Modification of the amino groups of the uridine analogues
The 5-methyleneaminouridine residues in the 5S rRNA T7 transcripts (see above) were modified with the N-hydroxysuccinimide ester of 4-[3-(trifluoromethyl)-3H-diazirin-3-yl]-benzoic acid (see Fig. 1) exactly as previously described (17). Corresponding modification of the 2[prime]-amino-2[prime]-deoxyuridine residues was carried out by a method similar to that described by Sigurdsson et al. (18). For this purpose the 5S rRNA transcript was dissolved in 5 µl 100 mM sodium borate buffer, pH 8.6, and mixed with 5 µl 50 mM 4-[3-(trifluoromethyl)-3H-diazirin-3-yl]benzyl isothiocyanate (above) in dimethyl formamide. The mixture was incubated for 24 h at room temperature. In order to monitor efficiency of the modification reactions, as well as incorporation of the 5-methyleneaminouridine and 2[prime]-amino-2[prime]-deoxyuridine residues into 5S rRNA transcripts, small scale transcriptions were made in the presence of [[alpha]-32P]ATP. The transcripts were digested with ribonuclease T2 using the procedure of Zwieb and Brimacombe (24) and the mononucleotide digestion products separated by two-dimensional thin layer chromatography on PEI-cellulose plates, using the `double-digestion' solvent system of Volkaert and Fiers (25).

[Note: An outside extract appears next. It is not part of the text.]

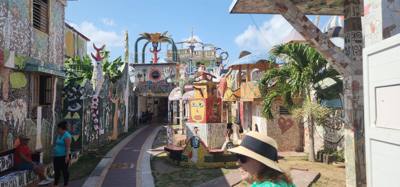 First visit this morning was to an art district called Fusterlandia.  They wanted to call it something fun like Disneyla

Reconstitution, UV irradiation and cross-link site analysis
Modified 5S rRNA was reconstituted into 50S subunits or 70S ribosomes exactly as described previously (15,16). The subsequent steps, including cross-linking by UV irradiation at 350 nm, isolation of 23S rRNA cross-linked to 5S rRNA by sucrose gradient centrifugation and localization of the cross-link sites by ribonuclease H digestion, primer extension analysis and ribonuclease T1 fingerprinting were also carried out exactly as before (15,16).
RESULTS
5-Methyleneaminouridine or 2[prime]-amino-2[prime]-deoxyuridine were randomly incorporated into E.coli 5S rRNA by T7 transcription in the presence of the corresponding nucleoside 5[prime]-triphosphates and [[alpha]-32P]UTP. As in our previous experiments (15,16), the 5S rRNA sequence was slightly altered in that residue U1 was changed to G, A119 to C and U120 was deleted. These mutations were introduced in order to create a T7 initiation site as well a NaeI cleavage site and have no influence on reconstitution or functional activity of the 50S subunits (15,16). After incorporation into 5S rRNA the 5-methyleneaminouridine residues were modified by treatment with the N-hydroxysuccinimide ester of 4-[3-(trifluoromethyl)-3H-diazirin-3-yl]benzoic acid [often called 4-(trifluoromethyl diazirino)benzoic acid (19)] as before (17). In the case of the 2[prime]-amino-2[prime]-deoxyuridine residues the modification was made with 4-[3-(trifluoromethyl)-3H-diazirin-3-yl]benzyl isothiocyanate (see Materials and Methods), since the 2[prime]-amino derivatives of nucleotides are known (18) to be rather unreactive towards N-hydroxysuccinimide esters. Figure 1 shows the two modified uridine compounds together with their diazirine derivatives, which we refer to as the 2[prime]-aminoribose (Fig. 1A) and the 5-methyleneamino (Fig. 1B) derivatives respectively.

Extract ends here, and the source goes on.